Warm the olive oil in a large frying pan. Add the ramp bulbs and stems. Stir and fry for about 5 or 10 minutes, till they start to brown. Add a splash of white wine and the lemon juice, and continue to cook for about 5 more minutes, till the pan dries out again, and the ramps seem brown and sweet. Set them aside.
The pan probably now has a brown delicious film of rampyness on the bottom. Add another splash of white wine, and a tablespoon or two of water, scrape the bottom. You should have a shallow brothy mixture. Roughly chop the ramp greens and the chervil. Add them to the brothy pan. Cook until they’re wilted, and the pan is quite dry. If they’re too moist they’ll make everything soggy.
Set them aside.
For the custard
1/3 cup milk
1/3 cup goat cheese
1/2-1 cup grated sharp cheddar
Whisk the eggs in a large bowl. Whisk in the milk and goat cheese. Small lumps of goat cheese are fine. Stir in the ramp greens and the cheddar.
Take your pre-baked tart shell.
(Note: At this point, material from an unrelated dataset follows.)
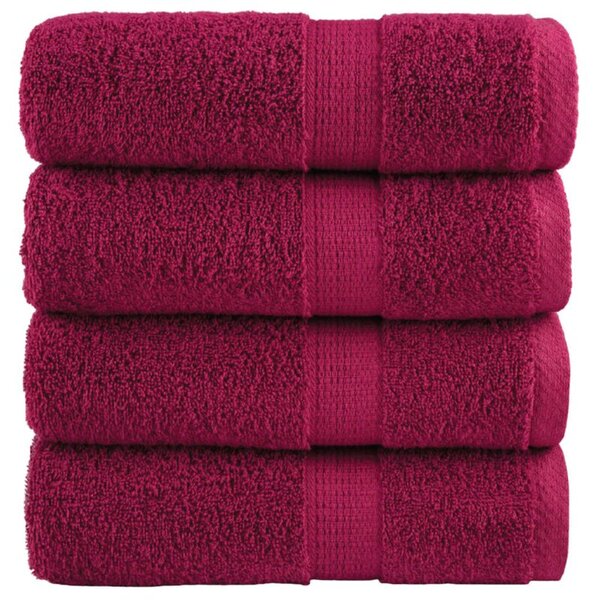 Ręczniki toaletowe premium, solund 4 szt. bordeaux 30x30cm 600 g/m²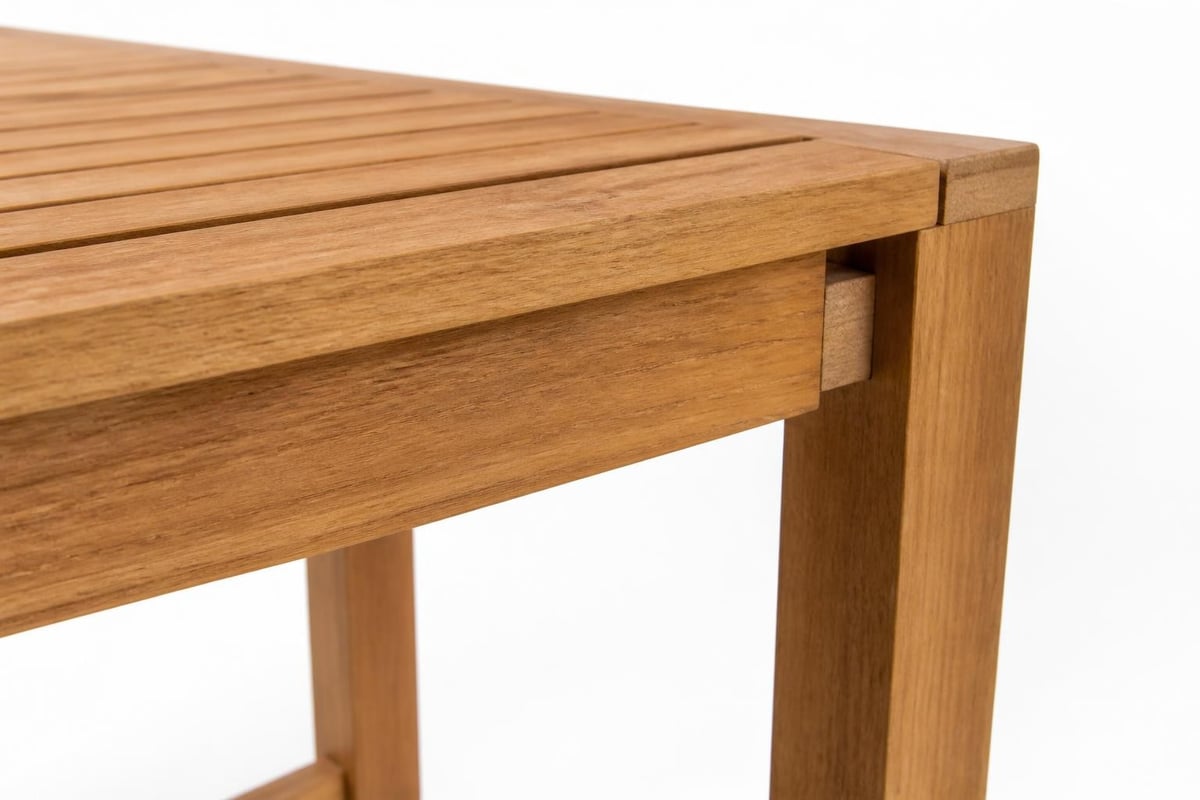 Teak table construction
Scatter the caramelized ramp bulbs along the bottom. Pour the custard over top, and smooth it. Arrange five or six pieces of chervil in a pretty pattern.
Turn the oven up to 425. Bake the tart until it’s puffy and golden brown. Shall we say 1/2 hour?
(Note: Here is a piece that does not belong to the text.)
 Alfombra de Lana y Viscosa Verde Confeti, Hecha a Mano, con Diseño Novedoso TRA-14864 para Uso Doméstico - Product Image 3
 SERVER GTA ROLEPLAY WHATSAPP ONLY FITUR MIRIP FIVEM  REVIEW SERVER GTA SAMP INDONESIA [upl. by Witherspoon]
Hooray for Mayer lemons, a favorite in this household, I make an annual batch of ML marmalade which is very delicate and wonderful. I have two trees. You should look online for a nursery that sells ’em, you could be picking your own within a couple or three years. Mine are both dwarfs, appox 6ft tall.
Hello, Tony! I thought of you when I saw them in the store. I didn’t think I’d ever be able to get them here. I wonder if I plant the seeds from one of the lemons, if I could have an indoor tree. It wouldn’t survive outside around here.
Claire: Not sure about the seed idea, for some obscure reason many fruit trees don’t grow from seeds, check apples. Today almost all fruit trees are grown from cuttings and if you were to google Mayers I’m sure a nursery would turn up. If planted in a large tub it would grow to decent size and start producing fairly quickly, we have a regular routine of moving large planters indoors and out every winter, it works. If you already had an established citrus bush you could graft a mayer cutting onto it fairly easily.